Exercise
Please reproduce the entries below exactly from the line with "The first step" through their last line, leaving out any pictures.

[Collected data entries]
^^^^^^^^^^^^^^^^
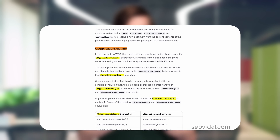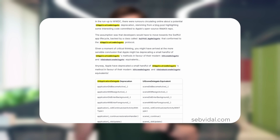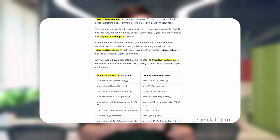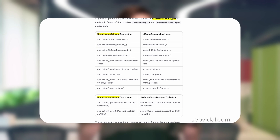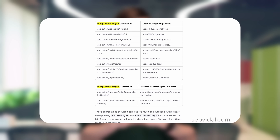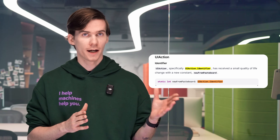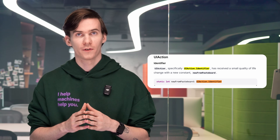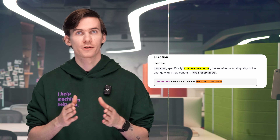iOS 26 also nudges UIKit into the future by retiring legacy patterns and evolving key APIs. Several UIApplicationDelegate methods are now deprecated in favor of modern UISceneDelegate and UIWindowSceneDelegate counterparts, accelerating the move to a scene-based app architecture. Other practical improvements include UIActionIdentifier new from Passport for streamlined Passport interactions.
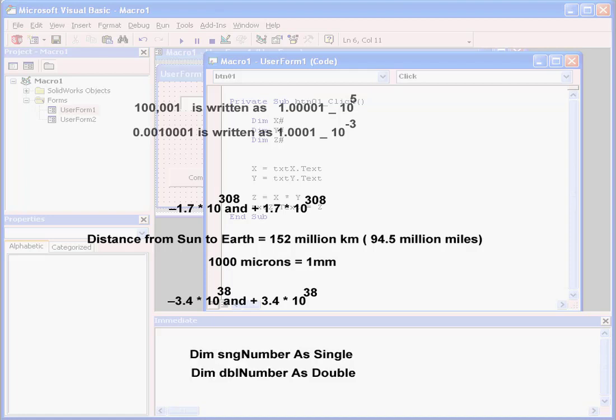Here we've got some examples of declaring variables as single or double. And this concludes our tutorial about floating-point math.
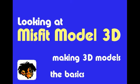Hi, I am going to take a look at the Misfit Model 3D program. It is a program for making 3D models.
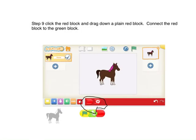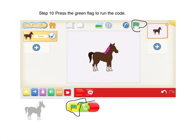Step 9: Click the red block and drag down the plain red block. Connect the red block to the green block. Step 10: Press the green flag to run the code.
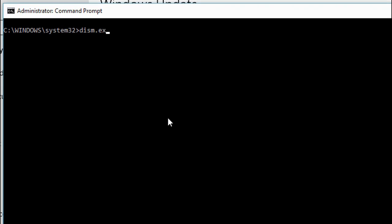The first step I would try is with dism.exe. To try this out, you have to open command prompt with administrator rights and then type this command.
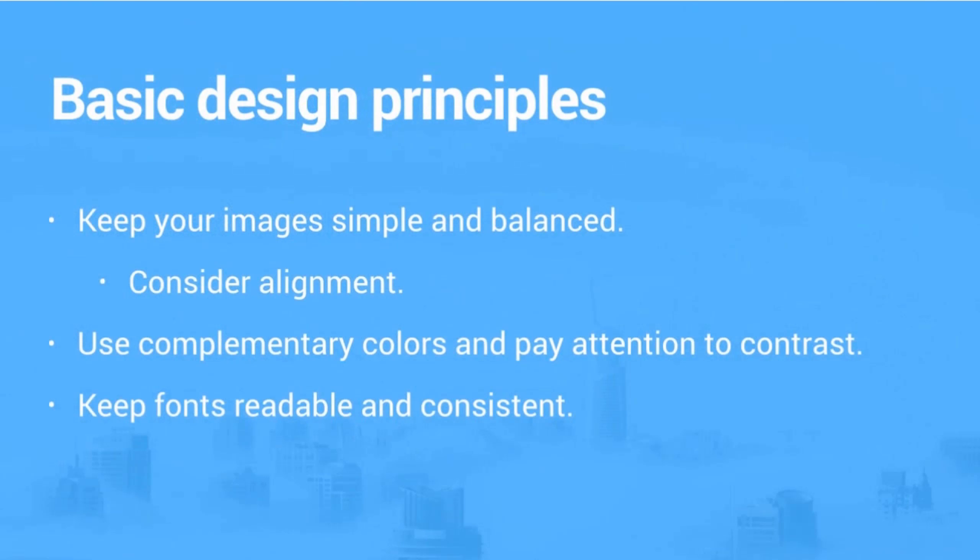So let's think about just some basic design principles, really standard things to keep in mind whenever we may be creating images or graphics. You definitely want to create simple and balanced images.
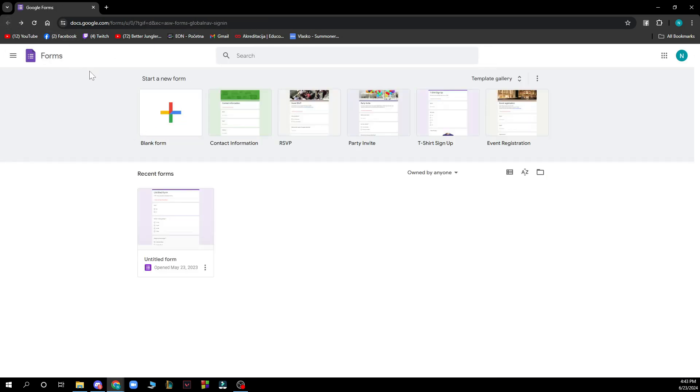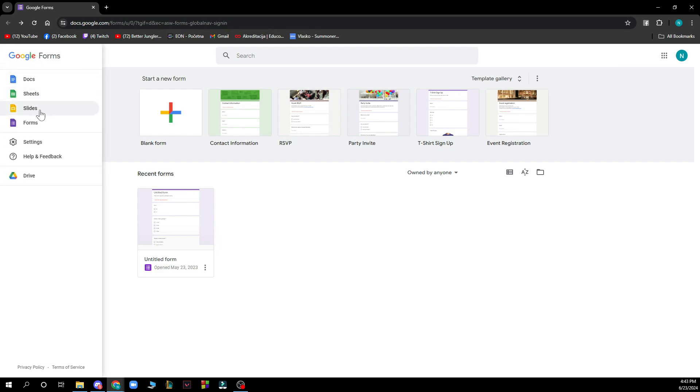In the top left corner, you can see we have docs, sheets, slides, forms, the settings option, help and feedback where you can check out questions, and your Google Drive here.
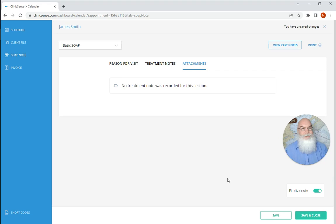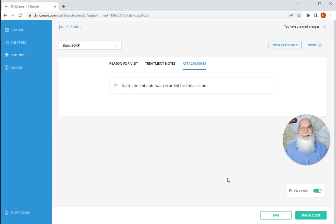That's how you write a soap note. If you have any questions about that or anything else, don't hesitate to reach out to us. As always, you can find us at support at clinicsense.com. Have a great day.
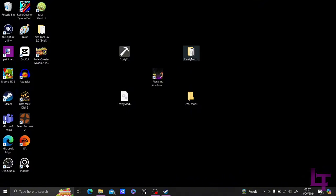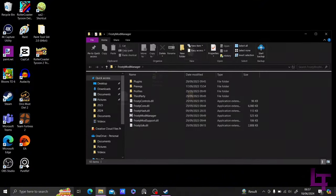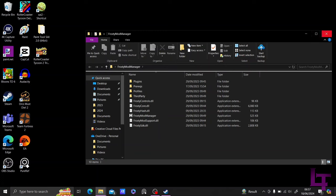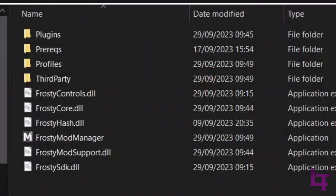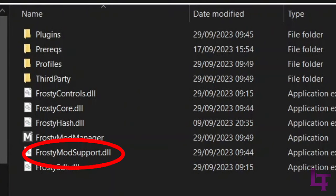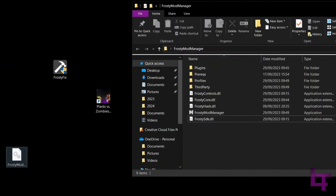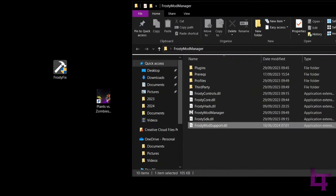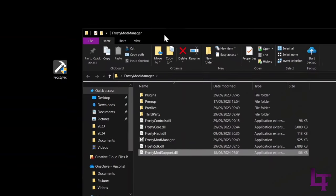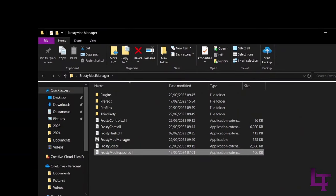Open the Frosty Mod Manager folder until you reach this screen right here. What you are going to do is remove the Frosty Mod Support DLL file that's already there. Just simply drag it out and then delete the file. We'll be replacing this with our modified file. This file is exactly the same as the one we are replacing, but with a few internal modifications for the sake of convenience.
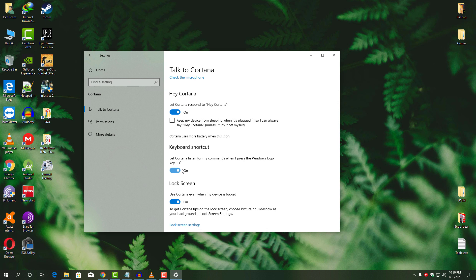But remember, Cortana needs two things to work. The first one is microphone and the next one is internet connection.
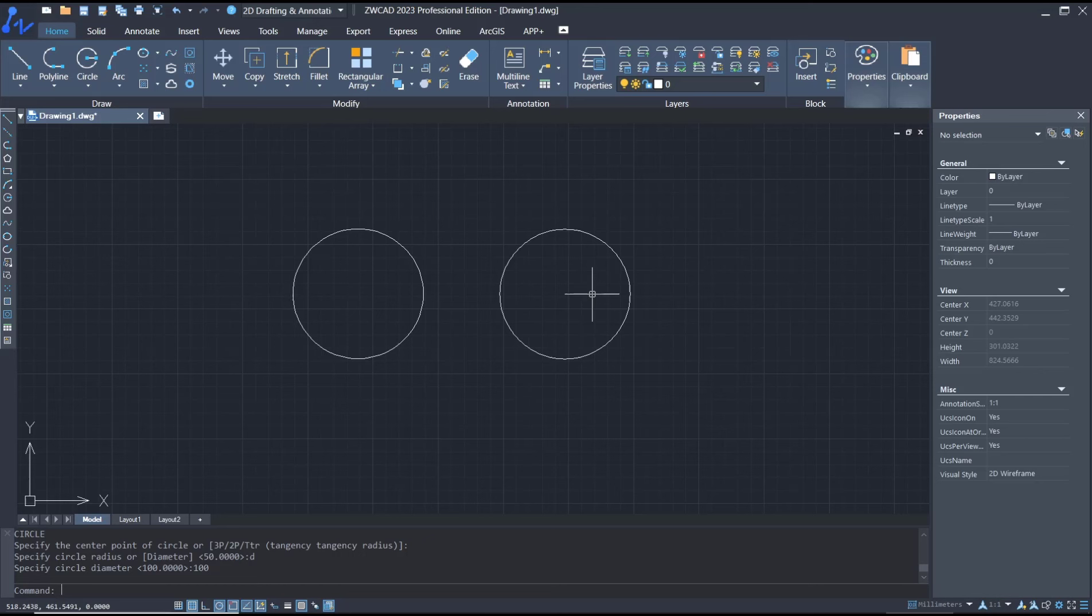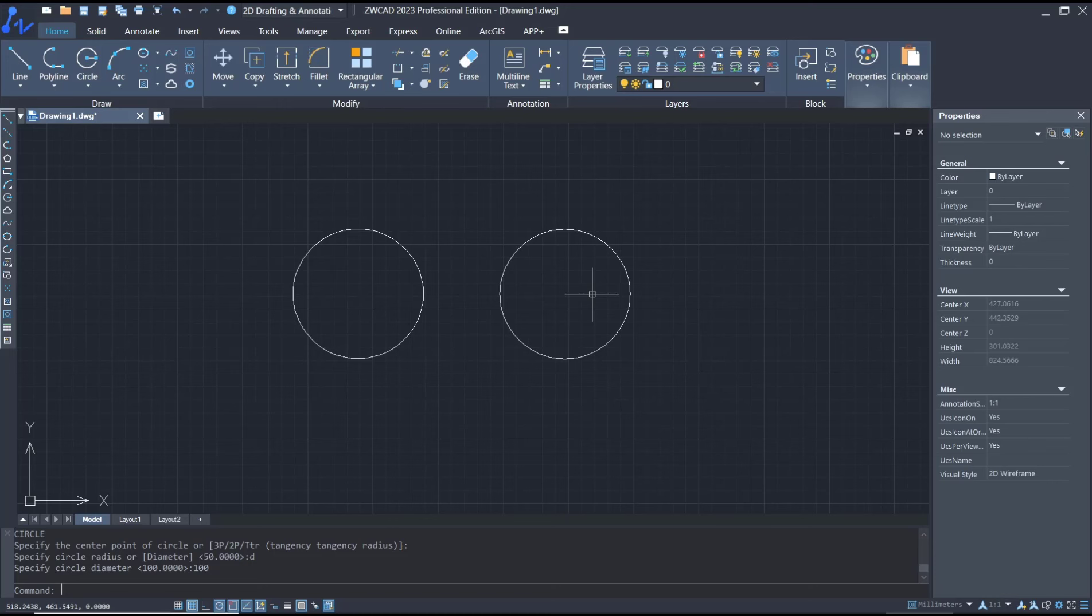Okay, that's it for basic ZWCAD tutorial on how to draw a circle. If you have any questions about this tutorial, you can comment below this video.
^^^^^^^^^^^^^^^^
Exercise response
The first step I would try is with dism.exe. To try this out, you have to open command prompt with administrator rights and then type this command.
So let's think about just some basic design principles, really standard things to keep in mind whenever we may be creating images or graphics. You definitely want to create simple and balanced images.
In the top left corner, you can see we have docs, sheets, slides, forms, the settings option, help and feedback where you can check out questions, and your Google Drive here.
That's how you write a soap note. If you have any questions about that or anything else, don't hesitate to reach out to us. As always, you can find us at support at clinicsense.com. Have a great day.
Open the Frosty Mod Manager folder until you reach this screen right here. What you are going to do is remove the Frosty Mod Support DLL file that's already there. Just simply drag it out and then delete the file. We'll be replacing this with our modified file. This file is exactly the same as the one we are replacing, but with a few internal modifications for the sake of convenience.
But remember, Cortana needs two things to work. The first one is microphone and the next one is internet connection.
Okay, that's it for basic ZWCAD tutorial on how to draw a circle. If you have any questions about this tutorial, you can comment below this video.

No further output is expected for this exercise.